Application Program 108
[00023] Computer system 100 is configured to execute at least one application program 108 to process incoming data 126. An application program comprises instructions for execution by at least one of CPUs 102, 104 and 106. According to one embodiment of the invention, application program 108 is data-parallel decomposed to generate at least a first and a second thread. As described above with reference to Fig. 2, the first and second threads perform the same function. The first thread carries out the function over a first subset of the data set stored in first buffer 110. The second thread carries out the function over a second subset of the data set stored in first buffer 110. In that manner data comprising data set 110 is parallel processed to provide a processed data set. The processed data set is stored in a second buffer 114.
[00024] In one embodiment of the invention application program 108 comprises a data encryption program. In that embodiment incoming data 126 comprises data to be encrypted. However, the invention is applicable to other types of application programs as will be discussed further below.
First and Second Buffers 110 and 114
[00025] Microprocessors in their execution of software strings typically operate on data that is stored in memory. This data needs to be brought into the memory before the processing is done, and sometimes needs to be sent out to a device that needs it after its processing. Incoming data 126 is stored in a first buffer 110. Data stored in buffer 110 are accessible to at least one of CPUs 102. 104 and 106 during execution of application program 108. Execution of application program 108 is carried out under control of an operating system 132. During execution of program 108, processed data from first buffer 110 is stored in a second buffer 114. After program execution, data in second buffer 114 is written to memory 120. [00026] In some embodiments of the invention at least one of first and second buffers 11- and 114 comprises cache memory. Cache memory typically comprises high-speed static Random Access Memory (SRAM) devices.
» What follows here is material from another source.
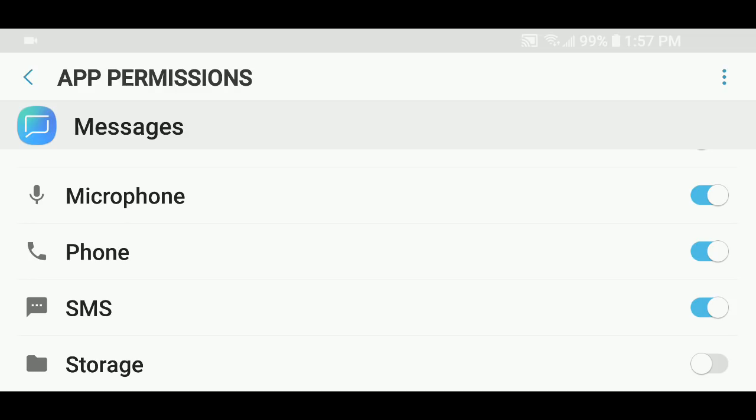At that point, the messaging app cannot access your photo gallery, cannot access the storage of your phone. So it can't send random pictures to random people. It's as easy as that. If you want to stay safe and make sure that nothing is being sent without your consent, just do that.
Cache memory is used for holding instructions and/or data that are likely to be accessed in the near term by CPUs 102, 104 and 106.
[00027] If data stored in cache is required again, a CPU can access the cache for the instruction/data rather than having to access the relatively slower DRAM. Since the cache memory is organized more efficiently, the time to find and retrieve information is reduced and the CPU is not left waiting for more information.
[00028] Some embodiments of the invention are implanted using two types of cache memory, level 1 and level 2. Level 1 (Ll) cache has a very fast access time, and is embedded as part of the processor device itself. Level 2 (L2) is typically situated near, but separate from, the CPUs. L2 cache has an interconnecting bus to the CPUs. Some embodiments of the invention comprise both Ll and L2 caches integrated into a chip along with a plurality of CPUs. Some embodiments of the invention employ a separate instruction cache and data cache.
Memory 120
[00029] After a block of data is processed, the data stored in second buffer 114 is written to memory 120. In some embodiments of the invention memory 120 comprises a conventional hard disk. Conventional hard disks comprise at least two platters. Each platter comprises tracks, and sectors within each track. A sector is the smallest physical storage unit on a disk. The data size of a sector is a power of two. In most cases a sector comprises 512 bytes of data.
[00030] Other suitable devices for implementing memory 420 include IDE and
SCSI hard drives, RAID mirrored drives, CD/DVD optical disks and magnetic tapes.
Operating System 118
[00031] Operating system 118 "OS" after being initially loaded into the computing system 100, manages execution of all other programs. For purposes of this specification, other programs comprising computing system 100 are referred to herein as applications. Applications make use of operating system 118 by making requests for services through a defined application program interface (API).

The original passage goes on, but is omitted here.